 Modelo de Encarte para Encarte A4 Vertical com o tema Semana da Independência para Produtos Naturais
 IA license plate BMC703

***

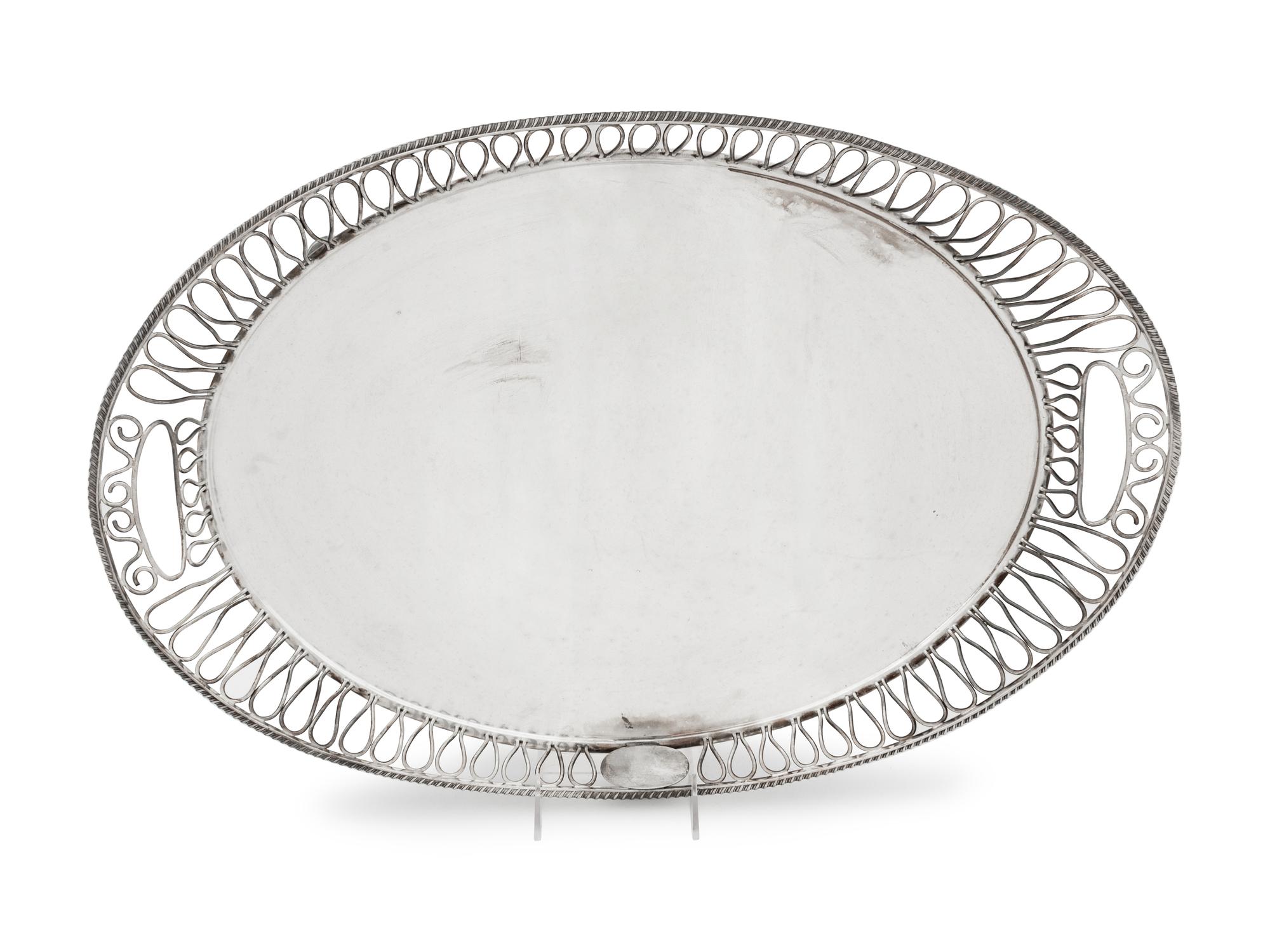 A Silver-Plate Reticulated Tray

***

• Goal of the exercise
In the listing above, find the line containing "Modelo de Encarte" and the line containing "IA license plate BMC703", then quote both, plus every line between them, exactly as written.

• Answer section
 Modelo de Encarte para Encarte A4 Vertical com o tema Semana da Independência para Produtos Naturais
 IA license plate BMC703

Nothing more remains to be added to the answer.